The security office was tiny. There was a fan on in the room but it failed the cancel out the stifling heat that comes with the eight or nine monitors they had on in there. Each one had multiple camera angles set up, viewing parts of the store even I hadn’t seen before. Danny pushed a few buttons, rewound tapes and finally stopped it on a woman. She was in the electrical aisle, staring in a freeze frame at a bunch of mobile phones in boxes. I put together that what she was looking at was what she had stolen. If I wasn’t going to be a pirate, an investigator was definitely on the card for me in the future.

‘That’s the one.’ He said, tapping his fingers on the table.
‘Wow, so where has she gone now?’
‘Probably to another shop. Marks & Spencers, probably.’
‘You think? I hope either Mark or Spencer gets them.’ I smiled.

Danny didn’t notice. I was stood over him as he peered at the screen. The woman was short with long brown hair that matched her ugly car. She had one of those horrible fleecy white jackets with a several Alaskan dogs on it, and let’s face it, a face only a mother could love.

‘What are you going to do next?’ I said.
‘Well…’ Danny spun round in his chair. ‘I’ll keep a camera on the car. You keep an eye out for her.’
‘Right…’
‘I’ll put this bag where it was.’
‘What?’ I asked.
‘As bait.’
‘Ahh, right.’

Danny was new to this job, and I am pretty certain the managers wouldn’t want him to put hundreds of pounds worth of stolen good back into the car of the shoplifter. I think he’d watched far too many American cop shows on those awful cable channels.

‘Are you sure about that?’
‘Why not?’
‘Well what if she gets in the car and drives off?’
‘Didn’t you hear me? I’ll keep a camera on it. You keep an eye on it.’

It seemed to make sense, a camera and an eye. I don’t know why the FBI don't try that. Forget hacking phone calls and expensive military operations. Just set up a camera on the house and get a bloke to stand outside, looking at it every so often. I’m sure they’d get far. Danny put the overflowing bag of expensive electrical items back in the car and walked away, leaving me to keep an eye out. I’m glad Wayne put me in this zone; it was a hot bed of criminal activity.

‘Dylan!’ I heard a voice from the store. ‘You’ll have to work in my zone.’

It was Wayne.
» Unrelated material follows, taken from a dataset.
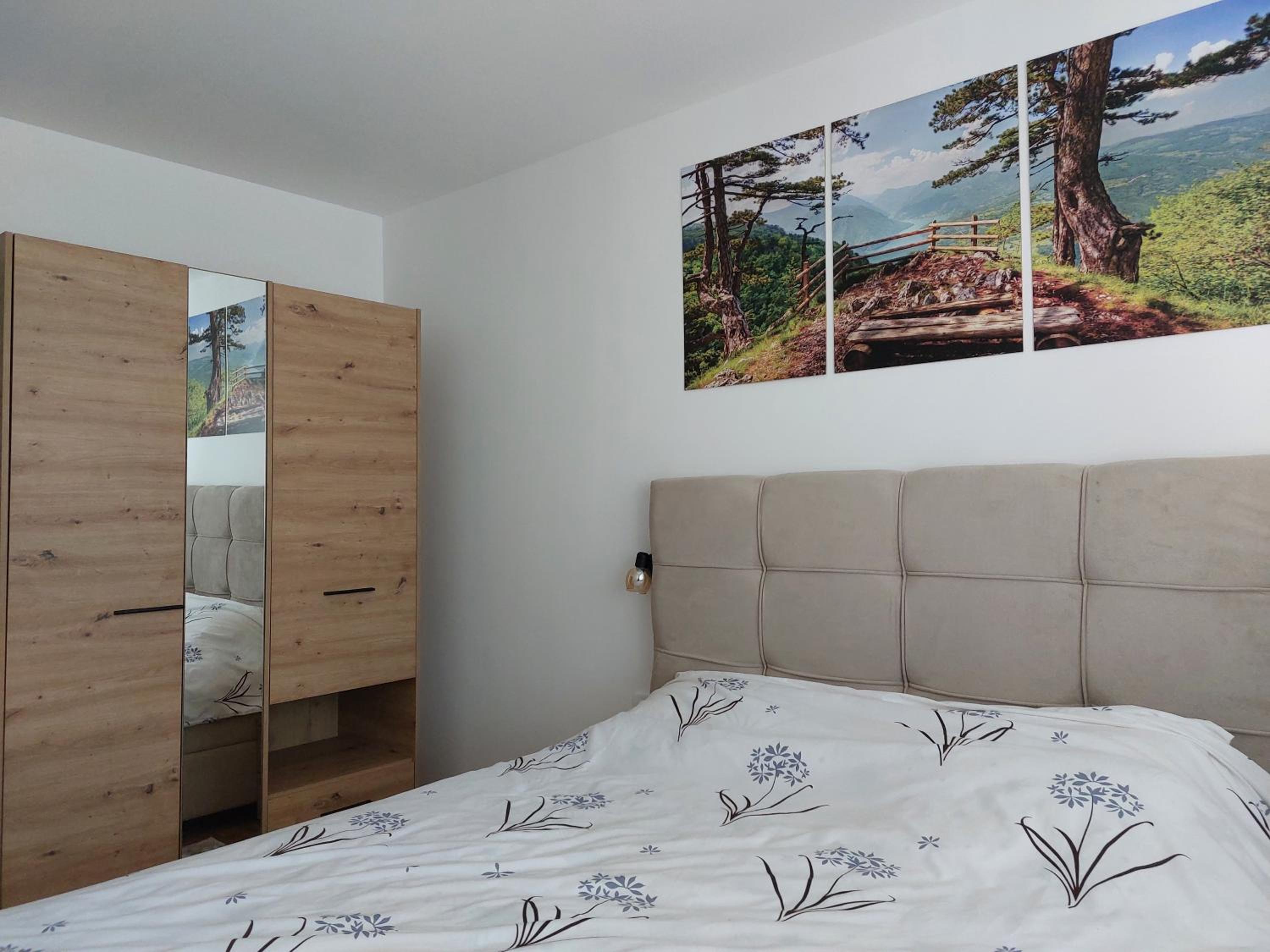 Vila Eden Lux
Still clearing up and de-gumming the front of the store. I couldn’t leave my zone. It was My Zone, after all. And now it was an area of crime. If I had some police ‘Do Not Cross’ tape it would be out by now, circling the entire car. I shook my head and waved my arms from side to side.
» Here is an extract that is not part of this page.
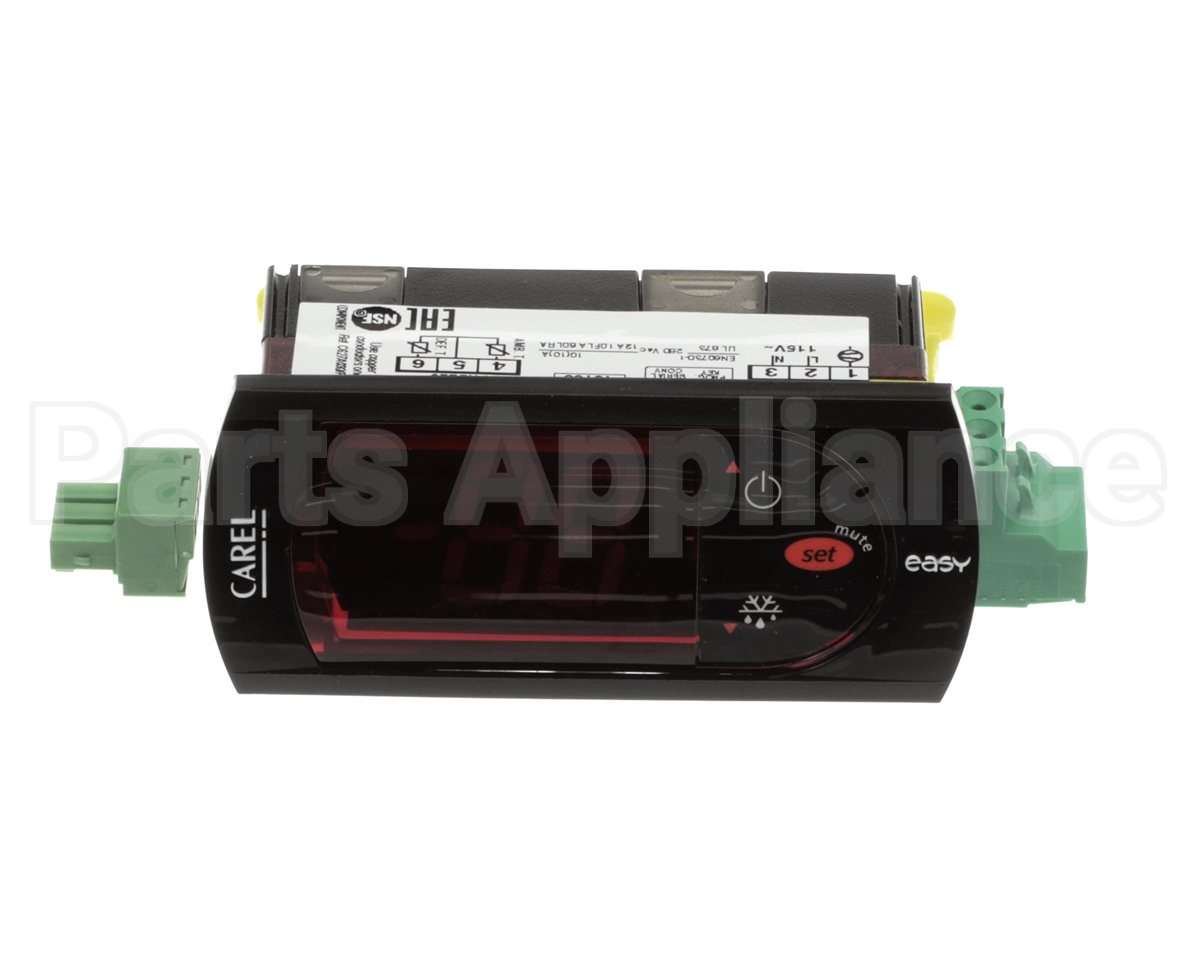 38285 Prince Castle Cntrl Elec 115V Prgm Prep Tbl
‘What?’ He barked over to me.
‘I can’t!’ I shouted, in the quietest voice possible.

I didn’t want the shoplifter to know something was up, of course. She would have smelt a rat if she did. But Wayne was getting louder and louder, whaling at me to got over to his zone.

Ten minutes later Danny came storming out.

‘What did you do?’
‘Nothing. Why?’
‘She’s gone, the old woman has gone!’

I peered over to where the brown car was, now an empty parking space.

‘I thought you were keeping an eye out?’ He screeched.
‘I thought you were keeping a camera on it?’
‘I did. But…’
‘What?’
‘I went for a sandwich.’
‘Oh, right. Very professional.’
‘It was my break.’

Danny was panicking. He had no reason to, of course. None of the managers knew about the old woman and raggedy old shopping bag of goods. If they did know then he would be in serious trouble, for putting the stuff back in her car. I did him a favour.

‘Wayne told me to come over here. He’s in charge.’
‘That’s just great, then isn’t it! Where’s the old bag!’

He meant the bag of mobile phones, but I couldn’t resist.

‘She’s probably on the motorway by now.’ I smirked.

I wasn’t a pirate, or an investigator. But I could whip out the occasional humorous remark.